Fake iPhone, iPad seller gets 37 months in prison

A 44-year old Chinese man has been sentenced to more than three years in prison after pleading guilty to smuggling fake Apple-branded products into the US from China.

Jianhua “Jeff” Li, 44, who has been living in the US on a student visa, conspired with three other people to smuggle more than 40,000 fake electronic devices and accessories into the US, according to the Department of Justice. He pleaded guilty to the charges in February 2018.

Li brought Apple branded iPads and iPhones, along with labels and packaging, into the US, making an estimated $1.1m from the scam over a five-year period.

Li, working through his company Dream Digitals, conspired with Andreina Becerra, Roberto Volpe and Rosario LaMarca, who also pleaded guilty to their roles in the conspiracy. LaMarca is serving a 37-month term after being sentenced in 2017, while Volpe was sentenced to 22 months and Becerra got three years of probation last October.

According to court documents, Li shipped the knock-off devices separately from the fake labels to assemble later in order to avoid detection from US Customs and Border Protection. The devices were then shipped all over the US for resale to unsuspecting customers who believed the devices were legit.

Proceeds from the sales of the devices were funnelled back to the co-conspirators’ accounts in Florida and New Jersey via structured cash deposits to avoid detection, and a portion of the proceeds was then transferred to conspirators in Italy, further disguising the source of the funds.Li was charged and taken into custody in 2015.

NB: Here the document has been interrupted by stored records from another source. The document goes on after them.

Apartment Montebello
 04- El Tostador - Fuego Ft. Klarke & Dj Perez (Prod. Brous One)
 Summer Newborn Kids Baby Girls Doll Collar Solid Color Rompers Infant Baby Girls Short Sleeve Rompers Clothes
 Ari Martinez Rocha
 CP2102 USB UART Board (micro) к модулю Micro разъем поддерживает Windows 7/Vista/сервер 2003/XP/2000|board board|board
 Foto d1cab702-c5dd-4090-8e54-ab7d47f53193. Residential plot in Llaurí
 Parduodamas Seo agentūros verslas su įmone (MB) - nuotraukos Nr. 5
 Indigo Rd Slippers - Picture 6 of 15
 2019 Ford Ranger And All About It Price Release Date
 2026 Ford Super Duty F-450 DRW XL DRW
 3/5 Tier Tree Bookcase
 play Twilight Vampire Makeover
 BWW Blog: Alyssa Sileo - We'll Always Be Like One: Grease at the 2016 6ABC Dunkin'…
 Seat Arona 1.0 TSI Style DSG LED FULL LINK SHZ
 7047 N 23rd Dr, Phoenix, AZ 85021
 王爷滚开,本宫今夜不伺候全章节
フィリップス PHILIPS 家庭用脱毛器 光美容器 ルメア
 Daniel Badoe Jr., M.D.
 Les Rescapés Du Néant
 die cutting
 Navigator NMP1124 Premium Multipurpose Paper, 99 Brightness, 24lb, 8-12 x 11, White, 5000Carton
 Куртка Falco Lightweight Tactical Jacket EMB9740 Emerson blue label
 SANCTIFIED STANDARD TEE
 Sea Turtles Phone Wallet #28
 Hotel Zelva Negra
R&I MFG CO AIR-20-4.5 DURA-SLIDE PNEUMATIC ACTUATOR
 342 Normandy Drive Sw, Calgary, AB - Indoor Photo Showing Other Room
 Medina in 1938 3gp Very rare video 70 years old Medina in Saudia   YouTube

Earlier this year, a student accused of fraudulently submitting thousands of repair requests to Apple using counterfeit iPhones pleaded guilty to the charges. Quan Jiang agreed to pay $200,000 in restitution to Apple ahead of his scheduled August 28 sentencing date, and also to forfeit a 2015 Mercedes-Benz seized by investigators.

Smartphones and accessories have been particularly popular with counterfeiters but in recent years there have been increasing issues with counterfeit chargers and batteries, which have been found to explode or catch fire, posing a safety risk.

An Apple investigation in 2016 found that almost 90 per cent of Apple-branded iPhone chargers and accessories on e-commerce platform Amazon were fakes.

And in 2017, an OECD report revealed that around one in five mobile phones shipped internationally are counterfeit, with smartphone batteries, chargers and memory cards also “increasingly falling prey to counterfeiters”.